Dignes et inflexibles, les quinze d'Air France ont écouté le président égrainer les décisions du tribunal. Le procureur avait requis deux à quatre mois de prison pour les cinq prévenus jugés pour violences. Finalement, le tribunal de Bobigny a condamné trois ex-salariés d'Air France – militants syndicaux de la CGT – à des peines de trois à quatre mois de prison avec sursis. Deux autres ont été relaxés, car des doutes subsistaient sur leur implication dans les incidents du 5 octobre 2015. De fait, au procès fin septembre, le président du tribunal lui-même avait reconnu que tous les participants à ces violences n'avaient pu être identifiés. Et, à l'audience, il était apparu que des doutes subsistaient quant à la responsabilité exacte de certains prévenus.
Ne laissant rien passer, pas plus une chemise déchirée qu'un portail secoué, la justice s'est aussi penchée sur le dossier de dix autres salariés et ex-salariés de la compagnie qui auraient commis des dégradations sur la grille d'accès au siège. Ils se sont vus infliger une amende de 500 euros.
Avocate de 11 des prévenus, Lilia Mhissen a jugé ces condamnations « scandaleuses » et conseille à ses clients de faire appel. Pour Miguel Fortea, « le jugement est loin d'être satisfaisant. Il était censé faire la lumière » sur la manifestation à Roissy, au cours de laquelle Xavier Broseta, le DRH à l'époque, et le responsable long-courrier ont été pris à partie. « Et là, ce n'est pas le cas », estime encore le secrétaire général de la CGT Air France.

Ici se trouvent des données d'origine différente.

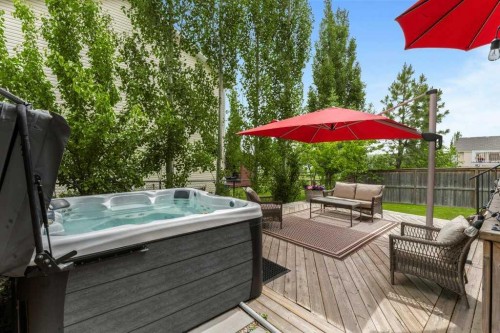 131 Westmount Hill, Okotoks, AB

C'est lors d'un comité central d'entreprise, le 5 octobre 2015, que les salariés ont eu connaissance d'un plan social de grande ampleur. Les faits reprochés aux syndicalistes (l'agression de deux cadres d'Air France et la médiatique chemise arrachée du DRH) s'étaient produits à la suite de l'annonce sans ménagement par la direction du groupe d'un projet de restructuration menaçant plusieurs milliers d'emplois.
Pour Christophe Malloggi, secrétaire général de FO Air France, les peines prononcées constituent « une reconnaissance de la criminalisation de l'activité syndicale ». Et ce d'autant plus que les prévenus ont « déjà été sanctionnés au niveau de l'entreprise » puisque quatre des cinq salariés qui étaient jugés pour violences ont été licenciés pour faute lourde.
Quant à Vincent Martinez, ancien délégué du personnel (CGT) dont le licenciement avait été refusé par l'inspection du travail, mais que Myriam El Khomri a exigé, il tente désormais de se « reconcentrer sur sa vie professionnelle » et affirme avoir « toujours l'envie d'être réintégré par Air France ».
Saisi pour violence physique, la justice n'a même pas pris en compte la violence sociale, préférant « balayer d'un revers de main » la plaidoirie de l'avocate des prévenus. « Le seul objectif est de faire baisser la tête aux salariés, pour les empêcher de défendre leur travail, en résistant aux mauvais coups des directions d'entreprise. Le message envoyé est clair : liberté d'action pour les actionnaires pour détruire l'emploi et nourrir la finance ! La violence est bien dans ce camp-là », estiment, dans un communiqué commun, la confédération CGT, la fédération CGT transports et le syndicat CGT Air France, qui dénoncent un procès inique et une décision très politique.